Task to complete: Transcribe every entry word for word.

Dataset:
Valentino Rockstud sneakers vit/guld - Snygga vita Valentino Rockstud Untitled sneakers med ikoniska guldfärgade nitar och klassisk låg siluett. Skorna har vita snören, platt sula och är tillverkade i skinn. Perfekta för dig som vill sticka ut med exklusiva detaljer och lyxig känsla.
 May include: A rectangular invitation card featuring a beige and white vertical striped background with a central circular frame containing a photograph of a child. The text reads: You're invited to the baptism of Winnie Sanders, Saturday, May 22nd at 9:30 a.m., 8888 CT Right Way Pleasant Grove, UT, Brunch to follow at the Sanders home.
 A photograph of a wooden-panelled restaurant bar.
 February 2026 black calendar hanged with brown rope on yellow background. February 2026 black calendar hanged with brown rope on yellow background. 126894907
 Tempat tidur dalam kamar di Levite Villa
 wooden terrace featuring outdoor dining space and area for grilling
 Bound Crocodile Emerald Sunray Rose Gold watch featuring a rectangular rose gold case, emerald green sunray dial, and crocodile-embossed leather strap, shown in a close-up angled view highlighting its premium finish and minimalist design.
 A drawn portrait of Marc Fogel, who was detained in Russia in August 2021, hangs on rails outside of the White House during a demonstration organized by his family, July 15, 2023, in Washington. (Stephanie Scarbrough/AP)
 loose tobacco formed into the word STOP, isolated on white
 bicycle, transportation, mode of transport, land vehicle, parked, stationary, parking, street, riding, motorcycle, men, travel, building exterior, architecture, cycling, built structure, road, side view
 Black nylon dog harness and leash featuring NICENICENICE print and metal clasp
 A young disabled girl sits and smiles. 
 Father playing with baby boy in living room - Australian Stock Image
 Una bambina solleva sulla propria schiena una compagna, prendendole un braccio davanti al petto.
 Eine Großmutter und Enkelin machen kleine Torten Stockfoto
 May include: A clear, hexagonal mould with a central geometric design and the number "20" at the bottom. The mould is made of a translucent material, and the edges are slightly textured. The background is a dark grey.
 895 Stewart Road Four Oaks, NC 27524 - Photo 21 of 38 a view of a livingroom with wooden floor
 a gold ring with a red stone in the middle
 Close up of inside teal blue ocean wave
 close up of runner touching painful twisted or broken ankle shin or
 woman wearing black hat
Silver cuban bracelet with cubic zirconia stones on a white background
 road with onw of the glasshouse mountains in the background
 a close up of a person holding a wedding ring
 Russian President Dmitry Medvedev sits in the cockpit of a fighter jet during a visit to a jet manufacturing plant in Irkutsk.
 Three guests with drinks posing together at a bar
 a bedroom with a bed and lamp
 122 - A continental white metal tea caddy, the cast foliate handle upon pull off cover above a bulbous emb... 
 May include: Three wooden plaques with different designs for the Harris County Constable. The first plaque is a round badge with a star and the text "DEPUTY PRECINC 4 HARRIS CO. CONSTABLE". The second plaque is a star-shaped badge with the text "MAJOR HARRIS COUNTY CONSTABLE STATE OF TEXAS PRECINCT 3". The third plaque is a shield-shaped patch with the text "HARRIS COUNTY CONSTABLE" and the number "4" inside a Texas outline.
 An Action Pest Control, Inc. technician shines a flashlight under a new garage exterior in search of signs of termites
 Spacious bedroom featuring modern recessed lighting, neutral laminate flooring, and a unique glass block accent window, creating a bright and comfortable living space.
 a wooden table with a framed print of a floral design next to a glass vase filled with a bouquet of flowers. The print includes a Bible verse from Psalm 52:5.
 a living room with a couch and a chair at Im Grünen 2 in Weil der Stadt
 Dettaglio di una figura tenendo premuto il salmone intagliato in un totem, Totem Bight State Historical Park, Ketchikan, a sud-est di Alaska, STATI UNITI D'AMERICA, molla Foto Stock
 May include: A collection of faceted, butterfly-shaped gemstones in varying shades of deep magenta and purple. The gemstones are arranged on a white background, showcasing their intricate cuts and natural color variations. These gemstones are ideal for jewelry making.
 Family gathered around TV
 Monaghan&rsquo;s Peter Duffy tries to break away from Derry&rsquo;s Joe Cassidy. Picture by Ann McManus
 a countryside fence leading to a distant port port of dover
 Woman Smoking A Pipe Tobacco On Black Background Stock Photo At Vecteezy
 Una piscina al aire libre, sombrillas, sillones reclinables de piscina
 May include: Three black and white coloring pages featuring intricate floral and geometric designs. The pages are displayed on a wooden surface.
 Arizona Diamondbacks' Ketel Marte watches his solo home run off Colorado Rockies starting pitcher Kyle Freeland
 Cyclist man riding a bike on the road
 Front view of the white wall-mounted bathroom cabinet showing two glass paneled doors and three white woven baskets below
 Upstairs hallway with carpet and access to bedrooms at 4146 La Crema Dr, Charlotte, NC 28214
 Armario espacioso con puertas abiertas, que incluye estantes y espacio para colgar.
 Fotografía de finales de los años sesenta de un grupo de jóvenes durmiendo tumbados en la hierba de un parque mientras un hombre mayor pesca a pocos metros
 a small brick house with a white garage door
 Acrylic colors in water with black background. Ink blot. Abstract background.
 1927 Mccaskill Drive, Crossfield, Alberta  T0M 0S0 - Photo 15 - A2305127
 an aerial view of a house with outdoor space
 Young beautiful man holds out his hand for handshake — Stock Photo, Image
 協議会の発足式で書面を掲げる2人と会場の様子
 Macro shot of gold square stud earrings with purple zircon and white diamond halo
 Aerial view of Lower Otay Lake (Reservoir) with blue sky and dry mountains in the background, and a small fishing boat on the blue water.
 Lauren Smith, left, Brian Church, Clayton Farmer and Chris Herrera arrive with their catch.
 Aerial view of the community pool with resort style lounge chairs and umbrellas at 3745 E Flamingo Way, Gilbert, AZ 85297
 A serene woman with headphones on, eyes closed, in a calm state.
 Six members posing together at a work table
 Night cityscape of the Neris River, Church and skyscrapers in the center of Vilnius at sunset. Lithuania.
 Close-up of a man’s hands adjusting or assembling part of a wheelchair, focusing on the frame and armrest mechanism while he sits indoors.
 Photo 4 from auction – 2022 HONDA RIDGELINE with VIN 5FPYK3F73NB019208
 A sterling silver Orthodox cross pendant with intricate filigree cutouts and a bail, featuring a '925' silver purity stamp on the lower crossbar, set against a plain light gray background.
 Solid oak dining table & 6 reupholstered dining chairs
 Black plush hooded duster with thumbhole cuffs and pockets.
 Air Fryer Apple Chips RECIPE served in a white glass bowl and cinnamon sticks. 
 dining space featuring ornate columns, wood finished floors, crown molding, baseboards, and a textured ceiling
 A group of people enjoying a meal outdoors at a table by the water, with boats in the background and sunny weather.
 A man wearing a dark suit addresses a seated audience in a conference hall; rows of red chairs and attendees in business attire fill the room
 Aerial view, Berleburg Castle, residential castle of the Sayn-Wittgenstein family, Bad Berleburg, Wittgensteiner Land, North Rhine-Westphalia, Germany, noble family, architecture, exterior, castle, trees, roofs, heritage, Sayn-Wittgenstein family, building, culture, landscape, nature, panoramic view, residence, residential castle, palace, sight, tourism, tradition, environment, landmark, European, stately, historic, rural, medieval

Task answer:
Valentino Rockstud sneakers vit/guld - Snygga vita Valentino Rockstud Untitled sneakers med ikoniska guldfärgade nitar och klassisk låg siluett. Skorna har vita snören, platt sula och är tillverkade i skinn. Perfekta för dig som vill sticka ut med exklusiva detaljer och lyxig känsla.
 May include: A rectangular invitation card featuring a beige and white vertical striped background with a central circular frame containing a photograph of a child. The text reads: You're invited to the baptism of Winnie Sanders, Saturday, May 22nd at 9:30 a.m., 8888 CT Right Way Pleasant Grove, UT, Brunch to follow at the Sanders home.
 A photograph of a wooden-panelled restaurant bar.
 February 2026 black calendar hanged with brown rope on yellow background. February 2026 black calendar hanged with brown rope on yellow background. 126894907
 Tempat tidur dalam kamar di Levite Villa
 wooden terrace featuring outdoor dining space and area for grilling
 Bound Crocodile Emerald Sunray Rose Gold watch featuring a rectangular rose gold case, emerald green sunray dial, and crocodile-embossed leather strap, shown in a close-up angled view highlighting its premium finish and minimalist design.
 A drawn portrait of Marc Fogel, who was detained in Russia in August 2021, hangs on rails outside of the White House during a demonstration organized by his family, July 15, 2023, in Washington. (Stephanie Scarbrough/AP)
 loose tobacco formed into the word STOP, isolated on white
 bicycle, transportation, mode of transport, land vehicle, parked, stationary, parking, street, riding, motorcycle, men, travel, building exterior, architecture, cycling, built structure, road, side view
 Black nylon dog harness and leash featuring NICENICENICE print and metal clasp
 A young disabled girl sits and smiles. 
 Father playing with baby boy in living room - Australian Stock Image
 Una bambina solleva sulla propria schiena una compagna, prendendole un braccio davanti al petto.
 Eine Großmutter und Enkelin machen kleine Torten Stockfoto
 May include: A clear, hexagonal mould with a central geometric design and the number "20" at the bottom. The mould is made of a translucent material, and the edges are slightly textured. The background is a dark grey.
 895 Stewart Road Four Oaks, NC 27524 - Photo 21 of 38 a view of a livingroom with wooden floor
 a gold ring with a red stone in the middle
 Close up of inside teal blue ocean wave
 close up of runner touching painful twisted or broken ankle shin or
 woman wearing black hat
Silver cuban bracelet with cubic zirconia stones on a white background
 road with onw of the glasshouse mountains in the background
 a close up of a person holding a wedding ring
 Russian President Dmitry Medvedev sits in the cockpit of a fighter jet during a visit to a jet manufacturing plant in Irkutsk.
 Three guests with drinks posing together at a bar
 a bedroom with a bed and lamp
 122 - A continental white metal tea caddy, the cast foliate handle upon pull off cover above a bulbous emb... 
 May include: Three wooden plaques with different designs for the Harris County Constable. The first plaque is a round badge with a star and the text "DEPUTY PRECINC 4 HARRIS CO. CONSTABLE". The second plaque is a star-shaped badge with the text "MAJOR HARRIS COUNTY CONSTABLE STATE OF TEXAS PRECINCT 3". The third plaque is a shield-shaped patch with the text "HARRIS COUNTY CONSTABLE" and the number "4" inside a Texas outline.
 An Action Pest Control, Inc. technician shines a flashlight under a new garage exterior in search of signs of termites
 Spacious bedroom featuring modern recessed lighting, neutral laminate flooring, and a unique glass block accent window, creating a bright and comfortable living space.
 a wooden table with a framed print of a floral design next to a glass vase filled with a bouquet of flowers. The print includes a Bible verse from Psalm 52:5.
 a living room with a couch and a chair at Im Grünen 2 in Weil der Stadt
 Dettaglio di una figura tenendo premuto il salmone intagliato in un totem, Totem Bight State Historical Park, Ketchikan, a sud-est di Alaska, STATI UNITI D'AMERICA, molla Foto Stock
 May include: A collection of faceted, butterfly-shaped gemstones in varying shades of deep magenta and purple. The gemstones are arranged on a white background, showcasing their intricate cuts and natural color variations. These gemstones are ideal for jewelry making.
 Family gathered around TV
 Monaghan&rsquo;s Peter Duffy tries to break away from Derry&rsquo;s Joe Cassidy. Picture by Ann McManus
 a countryside fence leading to a distant port port of dover
 Woman Smoking A Pipe Tobacco On Black Background Stock Photo At Vecteezy
 Una piscina al aire libre, sombrillas, sillones reclinables de piscina
 May include: Three black and white coloring pages featuring intricate floral and geometric designs. The pages are displayed on a wooden surface.
 Arizona Diamondbacks' Ketel Marte watches his solo home run off Colorado Rockies starting pitcher Kyle Freeland
 Cyclist man riding a bike on the road
 Front view of the white wall-mounted bathroom cabinet showing two glass paneled doors and three white woven baskets below
 Upstairs hallway with carpet and access to bedrooms at 4146 La Crema Dr, Charlotte, NC 28214
 Armario espacioso con puertas abiertas, que incluye estantes y espacio para colgar.
 Fotografía de finales de los años sesenta de un grupo de jóvenes durmiendo tumbados en la hierba de un parque mientras un hombre mayor pesca a pocos metros
 a small brick house with a white garage door
 Acrylic colors in water with black background. Ink blot. Abstract background.
 1927 Mccaskill Drive, Crossfield, Alberta  T0M 0S0 - Photo 15 - A2305127
 an aerial view of a house with outdoor space
 Young beautiful man holds out his hand for handshake — Stock Photo, Image
 協議会の発足式で書面を掲げる2人と会場の様子
 Macro shot of gold square stud earrings with purple zircon and white diamond halo
 Aerial view of Lower Otay Lake (Reservoir) with blue sky and dry mountains in the background, and a small fishing boat on the blue water.
 Lauren Smith, left, Brian Church, Clayton Farmer and Chris Herrera arrive with their catch.
 Aerial view of the community pool with resort style lounge chairs and umbrellas at 3745 E Flamingo Way, Gilbert, AZ 85297
 A serene woman with headphones on, eyes closed, in a calm state.
 Six members posing together at a work table
 Night cityscape of the Neris River, Church and skyscrapers in the center of Vilnius at sunset. Lithuania.
 Close-up of a man’s hands adjusting or assembling part of a wheelchair, focusing on the frame and armrest mechanism while he sits indoors.
 Photo 4 from auction – 2022 HONDA RIDGELINE with VIN 5FPYK3F73NB019208
 A sterling silver Orthodox cross pendant with intricate filigree cutouts and a bail, featuring a '925' silver purity stamp on the lower crossbar, set against a plain light gray background.
 Solid oak dining table & 6 reupholstered dining chairs
 Black plush hooded duster with thumbhole cuffs and pockets.
 Air Fryer Apple Chips RECIPE served in a white glass bowl and cinnamon sticks. 
 dining space featuring ornate columns, wood finished floors, crown molding, baseboards, and a textured ceiling
 A group of people enjoying a meal outdoors at a table by the water, with boats in the background and sunny weather.
 A man wearing a dark suit addresses a seated audience in a conference hall; rows of red chairs and attendees in business attire fill the room
 Aerial view, Berleburg Castle, residential castle of the Sayn-Wittgenstein family, Bad Berleburg, Wittgensteiner Land, North Rhine-Westphalia, Germany, noble family, architecture, exterior, castle, trees, roofs, heritage, Sayn-Wittgenstein family, building, culture, landscape, nature, panoramic view, residence, residential castle, palace, sight, tourism, tradition, environment, landmark, European, stately, historic, rural, medieval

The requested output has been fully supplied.